In order to write the data, I’ve used the following function.

```
static void store(final File file, final int[] array) throws IOException {
try (final FileChannel channel = FileChannel.open(
file.toPath(),
StandardOpenOption.READ,
StandardOpenOption.WRITE,
StandardOpenOption.CREATE,
StandardOpenOption.TRUNCATE_EXISTING
)) {
final MappedByteBuffer mapping = channel.map(
FileChannel.MapMode.READ_WRITE,
0, // offset
array.length * Integer.BYTES // length
);
mapping.order(ByteOrder.nativeOrder());
final IntBuffer integers = mapping.asIntBuffer();
integers.put(array);
}
}
```

I’ve benchmarked the functions using an array of 50M random integers. After loading the array, I’ve also computed its sum and printed it out to make sure the load operation is not optimized away. The results were obtained using the `time`

shell facility and therefore also include the generation of the random data, JVM startup and any other overhead. The results are still very clear.

```
implementation store load
data stream 5:54 1:31
memory mapping 0:01 < 0:01
```

## Separate concerns

I’m confident that I’m not telling you anything new here but for record’s sake: Decouple the logic for reading an array of integers from a file from the logic that interprets these integers (as primes). Also don’t hardcode the file name or the size of the array into the function that loads them.
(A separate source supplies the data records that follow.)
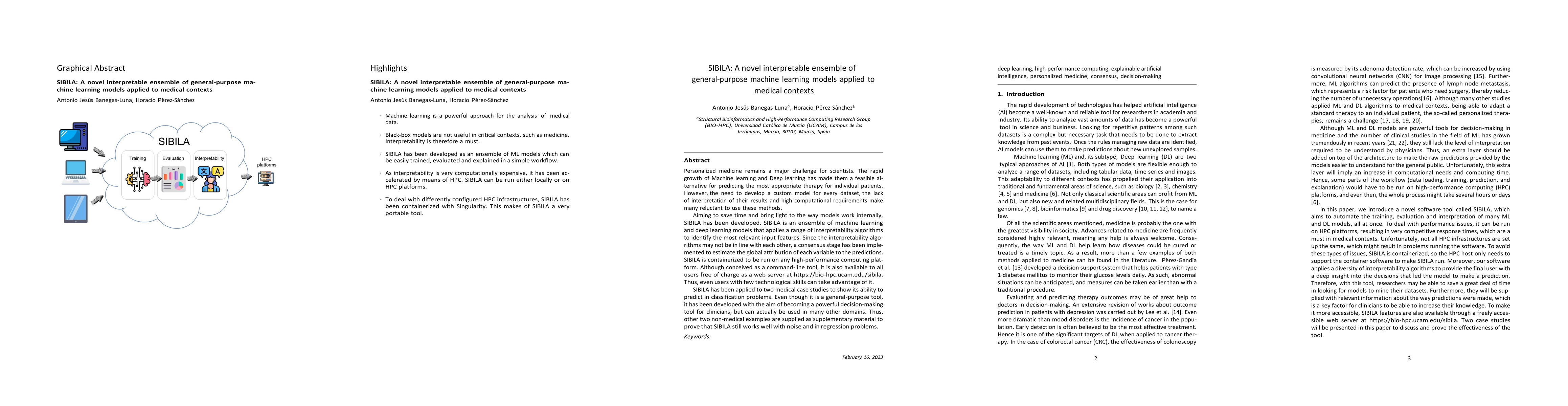 Thumbnail for SIBILA: A novel interpretable ensemble of general-purpose machine
  learning models applied to medical contexts
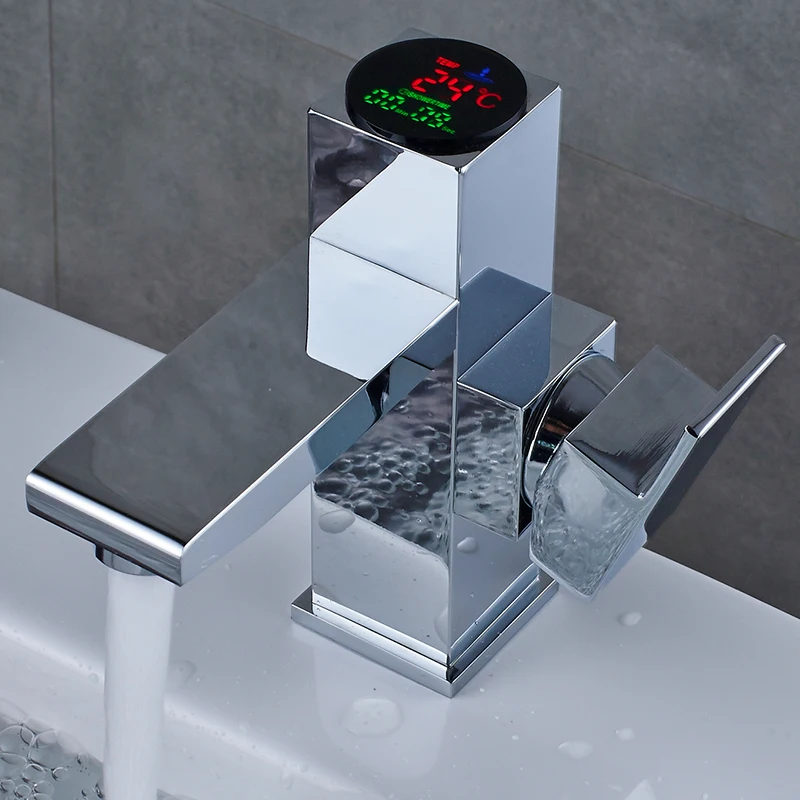 

Chrome Polished Bathroom Sink Faucet Deck With Digital Display Square Basin Faucet Cold And Hot Water Mixer Tap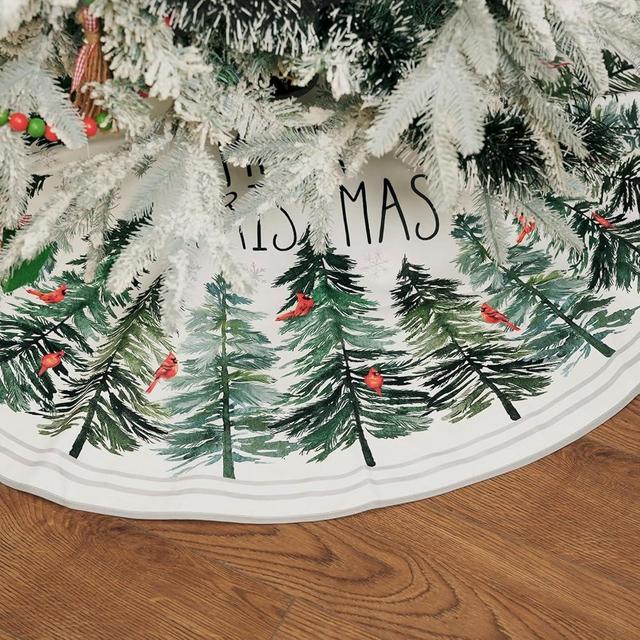 CROWNED BEAUTY Christmas Tree Skirt Collar 48 Inch Green Pine Trees Red Cardinals Soft Farmhouse Holiday Decoration (Green) TS37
## Don’t camouflage exceptions

Whether or not Java’s “handle it or declare it” philosophy regarding exceptions was a good idea is open to debate. However, given that it is as it is, I don’t think that working against the system is helpful. We gotta live with what we have now.

## Beware the rules

I’ve only looked briefly into Project Euler and don’t know their rules but I wouldn’t be surprised if loading data from external resources would be considered cheating. Of course, if you’re only doing this for your own amusement, you are free to set your own rules.